_BRIEF_
Among the records, find the lines that hold the string "clean" and return them.

○ ○ ○ ○

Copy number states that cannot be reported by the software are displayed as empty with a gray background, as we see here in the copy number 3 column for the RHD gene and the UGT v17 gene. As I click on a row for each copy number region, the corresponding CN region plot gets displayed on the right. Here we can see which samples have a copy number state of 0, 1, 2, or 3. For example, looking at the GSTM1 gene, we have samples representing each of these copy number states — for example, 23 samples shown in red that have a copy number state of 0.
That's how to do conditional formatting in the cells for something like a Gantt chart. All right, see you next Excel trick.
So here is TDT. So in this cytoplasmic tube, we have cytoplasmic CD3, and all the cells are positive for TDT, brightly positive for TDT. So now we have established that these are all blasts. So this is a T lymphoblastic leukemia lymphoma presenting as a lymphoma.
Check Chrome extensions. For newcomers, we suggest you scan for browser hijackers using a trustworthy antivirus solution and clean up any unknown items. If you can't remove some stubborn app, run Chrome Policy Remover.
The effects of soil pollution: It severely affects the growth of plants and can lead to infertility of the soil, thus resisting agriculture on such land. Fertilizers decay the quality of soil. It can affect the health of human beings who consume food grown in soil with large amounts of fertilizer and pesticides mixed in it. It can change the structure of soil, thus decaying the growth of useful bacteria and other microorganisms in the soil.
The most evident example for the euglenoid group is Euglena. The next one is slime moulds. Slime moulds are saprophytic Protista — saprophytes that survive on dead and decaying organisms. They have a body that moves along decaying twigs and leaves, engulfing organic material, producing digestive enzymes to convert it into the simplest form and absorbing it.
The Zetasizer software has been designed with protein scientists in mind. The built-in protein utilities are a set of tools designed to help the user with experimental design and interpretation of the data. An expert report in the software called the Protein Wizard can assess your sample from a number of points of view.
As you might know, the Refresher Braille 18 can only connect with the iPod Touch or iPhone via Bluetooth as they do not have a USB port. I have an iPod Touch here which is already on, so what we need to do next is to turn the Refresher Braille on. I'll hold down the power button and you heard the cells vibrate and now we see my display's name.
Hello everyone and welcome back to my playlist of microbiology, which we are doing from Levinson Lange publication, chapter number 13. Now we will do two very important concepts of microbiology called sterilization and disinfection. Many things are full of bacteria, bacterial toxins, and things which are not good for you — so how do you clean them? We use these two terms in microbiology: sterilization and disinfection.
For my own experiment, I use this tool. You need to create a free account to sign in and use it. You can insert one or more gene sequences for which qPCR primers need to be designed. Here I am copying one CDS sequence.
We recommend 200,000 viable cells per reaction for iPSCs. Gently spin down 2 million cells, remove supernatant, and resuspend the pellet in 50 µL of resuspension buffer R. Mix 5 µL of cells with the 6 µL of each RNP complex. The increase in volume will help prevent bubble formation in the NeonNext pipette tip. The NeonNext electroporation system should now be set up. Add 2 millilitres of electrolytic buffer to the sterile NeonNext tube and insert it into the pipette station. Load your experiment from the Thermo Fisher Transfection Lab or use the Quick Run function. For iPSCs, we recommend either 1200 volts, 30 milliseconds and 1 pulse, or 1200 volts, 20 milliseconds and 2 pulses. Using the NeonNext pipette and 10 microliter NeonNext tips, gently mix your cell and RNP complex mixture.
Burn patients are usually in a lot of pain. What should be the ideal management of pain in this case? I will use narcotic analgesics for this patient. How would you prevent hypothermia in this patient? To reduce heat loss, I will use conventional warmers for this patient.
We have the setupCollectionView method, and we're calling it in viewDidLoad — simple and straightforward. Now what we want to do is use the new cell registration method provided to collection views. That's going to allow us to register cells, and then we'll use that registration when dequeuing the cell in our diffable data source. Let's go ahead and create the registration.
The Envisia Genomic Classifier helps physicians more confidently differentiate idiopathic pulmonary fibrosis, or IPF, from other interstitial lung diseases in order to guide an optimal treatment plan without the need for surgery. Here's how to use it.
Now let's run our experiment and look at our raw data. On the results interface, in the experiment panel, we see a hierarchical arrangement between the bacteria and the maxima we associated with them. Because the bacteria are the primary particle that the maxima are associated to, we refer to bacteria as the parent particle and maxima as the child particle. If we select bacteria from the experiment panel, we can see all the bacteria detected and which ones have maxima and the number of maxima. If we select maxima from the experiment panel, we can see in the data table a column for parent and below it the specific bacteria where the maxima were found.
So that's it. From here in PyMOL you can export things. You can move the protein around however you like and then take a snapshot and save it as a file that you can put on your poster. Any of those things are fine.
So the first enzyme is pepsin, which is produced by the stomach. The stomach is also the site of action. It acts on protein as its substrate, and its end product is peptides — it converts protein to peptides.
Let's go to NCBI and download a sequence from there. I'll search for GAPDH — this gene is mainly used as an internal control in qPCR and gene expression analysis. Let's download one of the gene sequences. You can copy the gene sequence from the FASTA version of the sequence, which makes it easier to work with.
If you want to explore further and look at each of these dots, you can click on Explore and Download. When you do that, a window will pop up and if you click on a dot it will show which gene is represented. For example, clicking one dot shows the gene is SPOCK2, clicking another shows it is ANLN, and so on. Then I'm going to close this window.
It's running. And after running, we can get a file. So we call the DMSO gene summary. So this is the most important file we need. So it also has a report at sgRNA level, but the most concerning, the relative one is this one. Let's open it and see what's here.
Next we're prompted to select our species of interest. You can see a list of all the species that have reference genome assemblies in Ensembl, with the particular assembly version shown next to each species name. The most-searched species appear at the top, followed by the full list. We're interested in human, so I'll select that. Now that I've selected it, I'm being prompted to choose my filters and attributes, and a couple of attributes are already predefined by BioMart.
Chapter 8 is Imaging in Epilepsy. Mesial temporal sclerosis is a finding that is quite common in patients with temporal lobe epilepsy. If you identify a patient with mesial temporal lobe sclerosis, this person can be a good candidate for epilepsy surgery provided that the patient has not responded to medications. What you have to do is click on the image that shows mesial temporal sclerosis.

○ ○ ○ ○

_OUTPUT BELOW_
Check Chrome extensions. For newcomers, we suggest you scan for browser hijackers using a trustworthy antivirus solution and clean up any unknown items. If you can't remove some stubborn app, run Chrome Policy Remover.
Hello everyone and welcome back to my playlist of microbiology, which we are doing from Levinson Lange publication, chapter number 13. Now we will do two very important concepts of microbiology called sterilization and disinfection. Many things are full of bacteria, bacterial toxins, and things which are not good for you — so how do you clean them? We use these two terms in microbiology: sterilization and disinfection.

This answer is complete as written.